Beyond growth? The significance of microbial maintenance for carbon-use efficiency in the light of soil carbon storage

Abstract

During decomposition of organic matter, soil microbes determine the fate of C. They partition C between anabolic biosynthesis of various new microbial metabolites (i.e. C reuse) and catabolic C emissions (i.e. C waste, mainly through respiration). This partitioning is commonly referred to as microbial carbon-use efficiency (CUE). The reuse of C during biosynthesis provides a potential for the accumulation of microbial metabolic residues in soil. The microbial metabolic performance is a key factor in soil C dynamics, because the vast majority of C inputs to soil will – sooner or later – be processed by soil microorganisms. Soil C inputs will thus be subjected to microbial allocation of C towards reuse or emitted waste, with the former leading to C remaining in soil. Recognized as a crucial control in C cycling, microbial CUE is implemented – implicitly or explicitly – in soil C models, which react highly sensitive to even small changes in CUE. Due to the models’ high sensitivity, reliable soil C projections demand accurate CUE quantifications, capturing unambiguously all metabolic C fluxes.The current concept of microbial CUE neglects microbial maintenance which could make up considerable parts of the microbially processed C. Commonly, CUE is quantified from C incorporated into biomass or used for growth and C released as CO2. Extracellular metabolites, such as polymeric substances (EPS), exoenzymes or nutrient mobilizing compounds, as well as intracellular maintenance metabolites, such as storage compounds or endoenzymes, are ignored although they represent microbial metabolic C reuse and thus C remaining in soil.Based on theoretical considerations and a case study for EPS production, we will demonstrate that neglecting microbial maintenance can have severe impact on estimation of terrestrial C storage.

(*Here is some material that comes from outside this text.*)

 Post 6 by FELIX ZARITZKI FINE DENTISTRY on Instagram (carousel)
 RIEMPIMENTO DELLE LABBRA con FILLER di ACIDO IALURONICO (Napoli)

For instance, ignoring measured EPS production (of a quantity of C which equals 37 % of the C used for growth) causes a substantial underestimation of CUE. Here, current approaches of CUE provide an apparent CUE of 0.20 while disregard an actual CUE of 0.25 (i.e. CUE is 25 % higher when maintenance metabolism is considered). Based on our findings, we suggest an adjustment of how we conceptualize and calculate microbial CUE in soils.